The selection of the particular Subaccount is to be made by the contract owner
and such selection may be changed in accordance with the terms of the Contracts.
2. Fund shares to be made available to certain Subaccounts shall be sold by
the respective Funds and purchased by LNY for the corresponding Subaccount at
the net asset value (without the imposition of a sales load) next computed after
receipt of each order, as established in accordance with the provisions of the
then current prospectus of the Series. Shares of particular Funds shall be
ordered in such quantities and at such times as determined by LNY to be
necessary to meet the requirements of the Contracts. Orders or payments for
shares purchased will be sent promptly to the Series and will be made in the
manner established from time to time by the Series.
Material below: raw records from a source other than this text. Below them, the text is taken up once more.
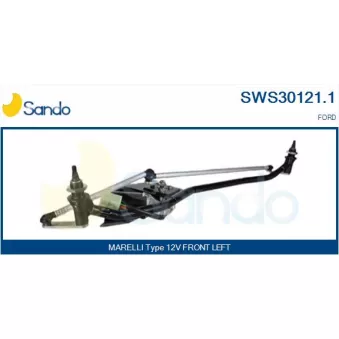 SANDO SWS30121.1 - Système de nettoyage des vitres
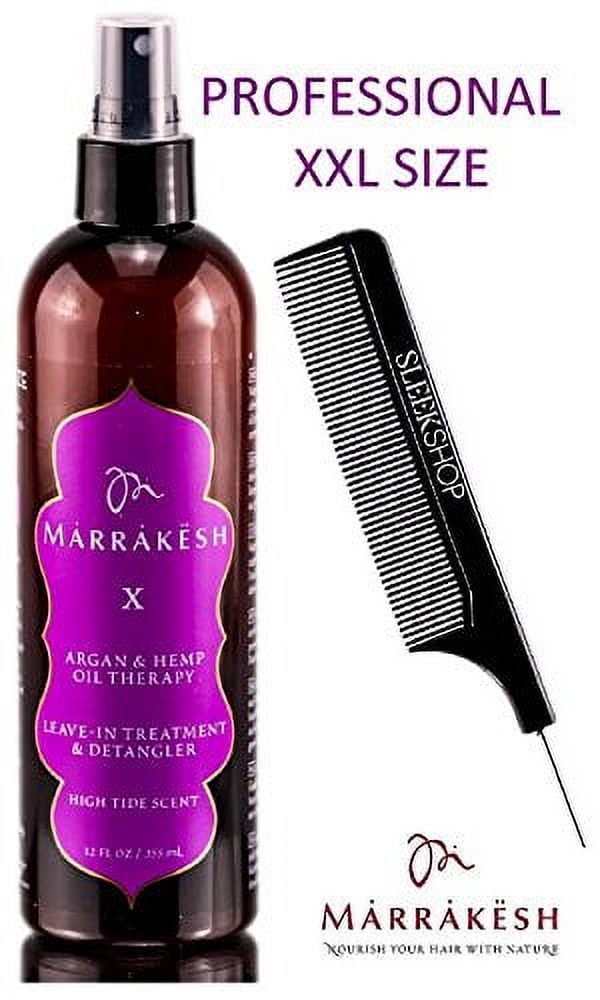 Marrakesh X LeaveIn Treatment & Detangler with Argan & Hemp Oil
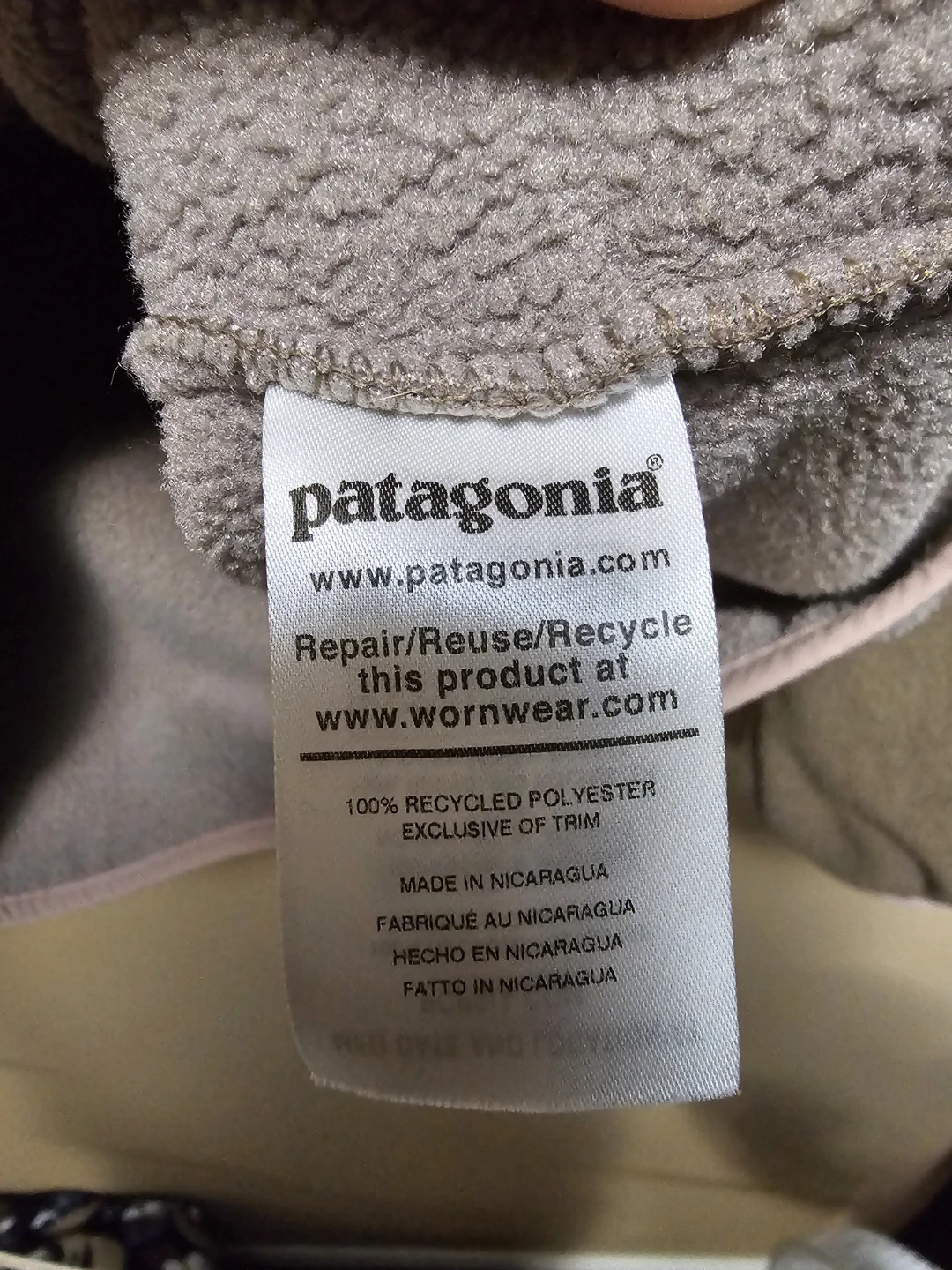 Patagonia Synchilla Fleece Pullover - Size L - photo 5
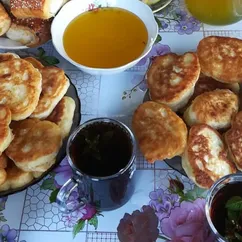 Пышные оладьи на кефире🥞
The Series reserves the right to delay transfer of its shares until the
payment check has cleared. The Series reserves the right to suspend sales if the
Board of Trustees of the Series deems it appropriate and in the best interests
of the Series or in response to the order of an appropriate regulatory
authority.
3. Transfer of the Series' shares will be by book entry only. No stock
certificates will be issued to the Account. Shares ordered from a particular
Fund will be recorded in an appropriate title for the corresponding Subaccount
by LNY.
4. The Series shall furnish notice promptly to LNY of any dividend or
distribution payable on any shares underlying Subaccounts. All of such dividends
and distributions as are payable on shares of a Fund recorded in the title for
the corresponding Subaccount shall be automatically reinvested in additional
shares of that Fund. The Series shall notify LNY of the number of shares so
issued. LNY will provide the Series a list of contract owners upon written
notice from the Series' Board.
5. The Series shall pay all expenses incidental to its performance under
this Agreement. The Series shall see to it that all of its shares are registered
and authorized for issue in accordance with applicable federal and state laws
prior to their purchase for the Subaccount. The Series shall bear the expenses
for the cost of registration of its shares, preparation of its prospectuses,
proxy materials and reports, the printing and distribution of such items to each
contract owner who has allocated net amounts to any Subaccount, the preparation
of all statements and notices required by any federal or state law, or taxes on
the issue or transfer of the Series' shares subject to this Agreement.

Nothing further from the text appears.